__ASSIGNMENT__: The result should be every line in the material below containing the string "Glass".

#### RECORDS TO PROCESS ####

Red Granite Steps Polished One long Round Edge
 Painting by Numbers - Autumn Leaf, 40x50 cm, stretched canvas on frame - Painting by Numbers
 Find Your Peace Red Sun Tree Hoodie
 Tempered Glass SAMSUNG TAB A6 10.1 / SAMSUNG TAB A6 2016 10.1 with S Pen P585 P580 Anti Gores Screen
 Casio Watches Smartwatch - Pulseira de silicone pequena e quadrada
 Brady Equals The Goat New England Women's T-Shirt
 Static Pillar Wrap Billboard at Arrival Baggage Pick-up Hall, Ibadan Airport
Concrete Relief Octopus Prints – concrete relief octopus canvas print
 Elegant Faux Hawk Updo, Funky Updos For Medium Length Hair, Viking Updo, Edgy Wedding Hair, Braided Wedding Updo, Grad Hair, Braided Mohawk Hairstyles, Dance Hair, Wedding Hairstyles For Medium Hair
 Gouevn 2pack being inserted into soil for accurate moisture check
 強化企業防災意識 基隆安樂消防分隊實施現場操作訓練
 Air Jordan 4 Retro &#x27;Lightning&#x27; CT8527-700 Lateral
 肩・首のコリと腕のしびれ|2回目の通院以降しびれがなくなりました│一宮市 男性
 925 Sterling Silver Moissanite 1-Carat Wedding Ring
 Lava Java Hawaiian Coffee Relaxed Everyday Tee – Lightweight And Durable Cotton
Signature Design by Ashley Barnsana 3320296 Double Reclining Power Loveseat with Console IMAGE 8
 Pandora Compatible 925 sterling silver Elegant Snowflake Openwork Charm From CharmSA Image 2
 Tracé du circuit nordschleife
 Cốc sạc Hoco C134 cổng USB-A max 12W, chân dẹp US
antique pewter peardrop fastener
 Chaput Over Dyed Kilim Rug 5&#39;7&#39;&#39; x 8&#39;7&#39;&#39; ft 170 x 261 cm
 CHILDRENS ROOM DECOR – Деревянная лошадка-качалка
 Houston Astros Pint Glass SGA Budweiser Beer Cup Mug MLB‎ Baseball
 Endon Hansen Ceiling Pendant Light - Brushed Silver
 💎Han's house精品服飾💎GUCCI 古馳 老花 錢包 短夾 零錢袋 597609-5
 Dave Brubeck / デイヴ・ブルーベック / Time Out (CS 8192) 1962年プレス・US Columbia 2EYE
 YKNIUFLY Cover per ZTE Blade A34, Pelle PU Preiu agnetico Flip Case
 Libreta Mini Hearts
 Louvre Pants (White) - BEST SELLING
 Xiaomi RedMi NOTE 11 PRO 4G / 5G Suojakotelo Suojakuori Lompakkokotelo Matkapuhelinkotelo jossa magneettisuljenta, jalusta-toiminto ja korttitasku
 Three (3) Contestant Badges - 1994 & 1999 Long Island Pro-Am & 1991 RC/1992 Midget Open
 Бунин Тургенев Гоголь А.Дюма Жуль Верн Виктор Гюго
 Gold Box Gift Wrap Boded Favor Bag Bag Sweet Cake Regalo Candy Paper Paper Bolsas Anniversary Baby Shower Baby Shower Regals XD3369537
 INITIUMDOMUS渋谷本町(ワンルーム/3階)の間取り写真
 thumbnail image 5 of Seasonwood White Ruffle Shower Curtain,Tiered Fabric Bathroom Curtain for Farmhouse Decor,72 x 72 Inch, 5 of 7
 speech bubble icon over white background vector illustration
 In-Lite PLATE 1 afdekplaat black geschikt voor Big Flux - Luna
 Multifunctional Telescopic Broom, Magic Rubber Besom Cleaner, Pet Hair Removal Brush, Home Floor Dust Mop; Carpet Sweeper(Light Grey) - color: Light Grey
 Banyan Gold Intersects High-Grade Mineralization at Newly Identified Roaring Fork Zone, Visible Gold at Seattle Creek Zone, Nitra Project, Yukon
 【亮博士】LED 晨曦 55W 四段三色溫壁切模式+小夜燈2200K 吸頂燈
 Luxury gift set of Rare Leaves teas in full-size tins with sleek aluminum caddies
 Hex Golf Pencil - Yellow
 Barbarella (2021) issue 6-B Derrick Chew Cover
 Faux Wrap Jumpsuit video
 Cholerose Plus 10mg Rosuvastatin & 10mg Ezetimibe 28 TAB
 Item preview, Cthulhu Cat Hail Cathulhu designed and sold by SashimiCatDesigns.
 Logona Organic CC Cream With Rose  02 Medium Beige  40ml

####

__RESPONSE BELOW__:
 Tempered Glass SAMSUNG TAB A6 10.1 / SAMSUNG TAB A6 2016 10.1 with S Pen P585 P580 Anti Gores Screen
 Houston Astros Pint Glass SGA Budweiser Beer Cup Mug MLB‎ Baseball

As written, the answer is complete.